All workers who earned under £160 a year had to pay 4 pence a week to the scheme; the employer paid 3 pence, and general taxation paid 2 pence. As a result, workers could take sick leave and be paid 10 shillings a week for the first 13 weeks and 5 shillings a week for the next 13 weeks. Workers also gained access to free treatment for tuberculosis, and the sick were eligible for treatment by a panel doctor. The National Insurance Act also provided maternity benefits. Time-limited unemployment benefit was based on actuarial principles and it was planned that it would be funded by a fixed amount each from workers, employers, and taxpayers. It was restricted to particular industries, cyclical/seasonal industries like construction of ships, and neither made any provision for dependants. By 1913, 2.3 million were insured under the scheme for unemployment benefit and almost 15 million insured for sickness benefit.

This system was greatly expanded after the Second World War under the influence of the Beveridge Report, to form the first modern welfare state.

===United States===
The World War Adjusted Compensation Act, or Bonus Act, was a United States federal law passed on May 19, 1924, that granted a life insurance policy to veterans of military service in World War I. It led to the Bonus Army of 1932 when veterans demanded immediate payment of the policy. They were forcibly removed by the Army from protest sites around Washington D.C. They were finally paid in 1936 by the Adjusted Compensation Payment Act

In the United States, until 1935, the federal government did not mandate any form of insurance upon the nation as a whole. However there had been generous benefits for military veterans, and this became a model for the American welfare state.

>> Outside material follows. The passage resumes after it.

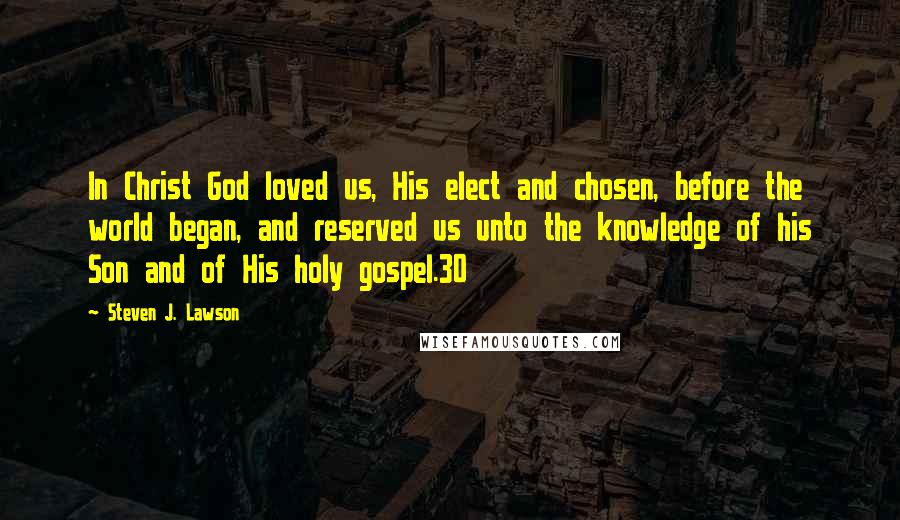 Steven J. Lawson quotes: In Christ God loved us, His elect and chosen, before the world began, and reserved us unto the knowledge of his Son and of His holy gospel.30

The passage of the New Deal's 1935 Social Security Act expanded the concept and acceptance of insurance as a means to achieve the individual financial security for all older workers. That expansion experienced its first boom market immediately after the World War II. With the original G.I. Bill of 1944 came large-scale programs that greatly expanded the ideal that educational expenses and affordable housing mortgages were benefits of having served. The mortgages that were underwritten by the federal government during this time included an insurance clause as a means of protecting the banks and lending institutions involved against avoidable losses. During the 1940s there was also the GI life insurance policy program that was designed to ease the burden of military losses on the civilian population and survivors.